───── Records supplied ─────
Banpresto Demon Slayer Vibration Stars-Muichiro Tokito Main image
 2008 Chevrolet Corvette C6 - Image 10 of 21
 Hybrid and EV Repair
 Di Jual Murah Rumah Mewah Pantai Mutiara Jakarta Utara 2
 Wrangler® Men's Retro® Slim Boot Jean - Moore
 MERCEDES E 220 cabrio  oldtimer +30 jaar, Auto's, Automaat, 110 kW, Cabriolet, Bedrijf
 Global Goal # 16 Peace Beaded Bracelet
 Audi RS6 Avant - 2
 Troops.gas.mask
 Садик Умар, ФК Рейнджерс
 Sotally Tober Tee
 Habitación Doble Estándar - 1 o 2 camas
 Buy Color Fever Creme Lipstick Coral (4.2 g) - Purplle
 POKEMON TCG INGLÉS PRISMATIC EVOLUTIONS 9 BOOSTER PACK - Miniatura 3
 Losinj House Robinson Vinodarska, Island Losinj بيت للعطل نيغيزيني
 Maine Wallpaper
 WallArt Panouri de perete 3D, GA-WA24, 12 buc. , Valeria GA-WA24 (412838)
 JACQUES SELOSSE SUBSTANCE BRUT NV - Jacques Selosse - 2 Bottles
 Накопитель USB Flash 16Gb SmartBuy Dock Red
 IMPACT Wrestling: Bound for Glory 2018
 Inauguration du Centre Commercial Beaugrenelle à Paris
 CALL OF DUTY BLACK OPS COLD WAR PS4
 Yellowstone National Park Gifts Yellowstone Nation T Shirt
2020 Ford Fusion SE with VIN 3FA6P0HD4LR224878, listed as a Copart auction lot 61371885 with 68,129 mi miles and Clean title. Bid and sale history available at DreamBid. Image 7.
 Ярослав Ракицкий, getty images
─────
- _About this exercise_:
In full and without change, transcribe every line of the records above.

- _Output for this task_:
Banpresto Demon Slayer Vibration Stars-Muichiro Tokito Main image
 2008 Chevrolet Corvette C6 - Image 10 of 21
 Hybrid and EV Repair
 Di Jual Murah Rumah Mewah Pantai Mutiara Jakarta Utara 2
 Wrangler® Men's Retro® Slim Boot Jean - Moore
 MERCEDES E 220 cabrio  oldtimer +30 jaar, Auto's, Automaat, 110 kW, Cabriolet, Bedrijf
 Global Goal # 16 Peace Beaded Bracelet
 Audi RS6 Avant - 2
 Troops.gas.mask
 Садик Умар, ФК Рейнджерс
 Sotally Tober Tee
 Habitación Doble Estándar - 1 o 2 camas
 Buy Color Fever Creme Lipstick Coral (4.2 g) - Purplle
 POKEMON TCG INGLÉS PRISMATIC EVOLUTIONS 9 BOOSTER PACK - Miniatura 3
 Losinj House Robinson Vinodarska, Island Losinj بيت للعطل نيغيزيني
 Maine Wallpaper
 WallArt Panouri de perete 3D, GA-WA24, 12 buc. , Valeria GA-WA24 (412838)
 JACQUES SELOSSE SUBSTANCE BRUT NV - Jacques Selosse - 2 Bottles
 Накопитель USB Flash 16Gb SmartBuy Dock Red
 IMPACT Wrestling: Bound for Glory 2018
 Inauguration du Centre Commercial Beaugrenelle à Paris
 CALL OF DUTY BLACK OPS COLD WAR PS4
 Yellowstone National Park Gifts Yellowstone Nation T Shirt
2020 Ford Fusion SE with VIN 3FA6P0HD4LR224878, listed as a Copart auction lot 61371885 with 68,129 mi miles and Clean title. Bid and sale history available at DreamBid. Image 7.
 Ярослав Ракицкий, getty images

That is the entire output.